The trapping process includes spreading the foreground object and choking the knockout shape. In the spread process, for example, when a circular object is overlapped on a square object, the inside of the square object is knocked out in the shape of the circular object, and the circular object is drawn so as to be larger than the original circular object. In the choke process, the inside of the square object is knocked out in the shape of the circular object such that the knocked out shape is smaller than the circular object, and the circular object is drawn in the original size.
As a result, in both the spreading and choking, trapping in which the periphery edge portion of the circular object is overprinted on the square object is realized.
In order to achieve overprinting using a color printer, separated output for data of individual colors such as cyan (C) magenta (M). yellow (Y) and black (B) is required, as is the case when creating a press plate. For this reason, respective separation plates must be synthesized and output by using an image processing device having a synthesizing function. However, synthesizing image data separated and outputted on the application side requires hardware having large memory capacity and high processing ability. Moreover, separation output requires longer processing time than composite output, wherein image data is outputted without separating color into C, M, Y and K.
A technique has been proposed in which the trapping process is carried out on a bit map image read by a layout scanner or the like (for example, see Japanese Patent Application Laid-Open (JP-A) No. 2000-106628).
However, implementation of this technique has several drawbacks in that expensive hardware is required, and it is difficult to reproduce setting of trap width, choke and spread for each object set by an application.
Namely, in the composite output, the application outputs only a drawing code for executing a process (e.g., “drawing a square and a circle”), and this code does not include a drawing code in which the trapping is taken into consideration. For this reason, in order to reproduce the trapping by means of the composite output, it is necessary to knockout the object in which the trapping is set and to perform trapping before that object is drawn.
In a standard drawing command, a “path ” for describing a shape composed of a series of connected points, lines, and curved lines, and non-connected points, lines, and curved lines, is constructed, after which actual drawing is executed. At this time, there is no guarantee that the constructed path will definitely be drawn, and thus the path might be used for a clip (drawing area specification) or occasionally discarded. Therefore, when knocking out is executed at the time of constructing the path, if the purpose or use of the path is unknown, the possibility exists that a different or undesirable drawing result will be obtained.

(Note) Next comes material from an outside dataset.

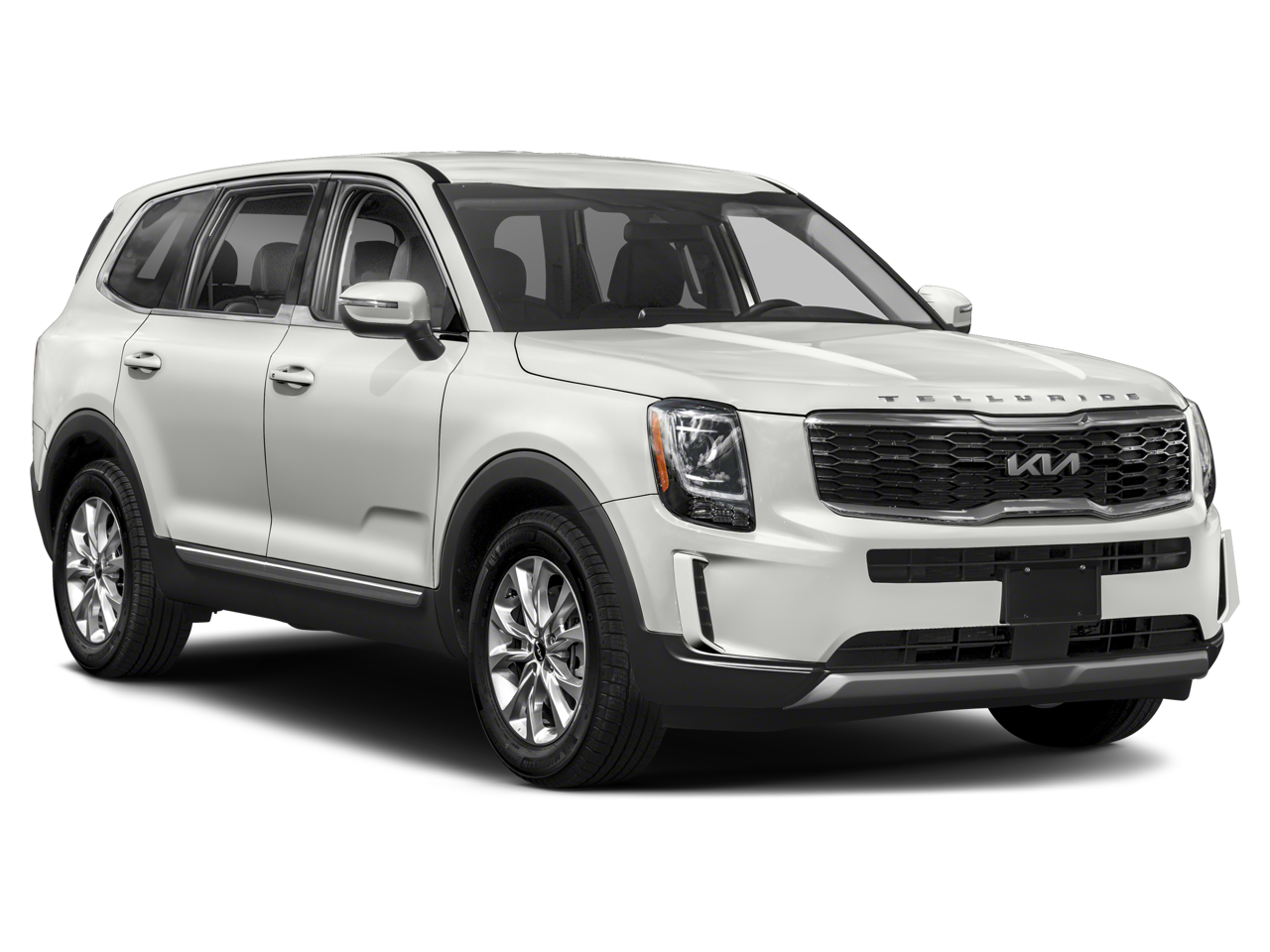 2022 Kia Telluride LX W/ CLEAN CARFAX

For this reason, knocking out must be executed not at the time of path construction but rather at the actual drawing stage. However, it is difficult to obtain information, such as accurate coordinates, from the constructed path. Moreover, it is not easy to determine what object is being drawn. As a result, it is difficult to execute trapping processes such as knocking out the background into a slightly smaller shape than the foreground object, or to draw the foreground shape as slightly larger. In other words, it is difficult to reproduce trapping from the composite output. Accordingly, the conventional art produces results that are far from satisfactory and is thus in need of improvement.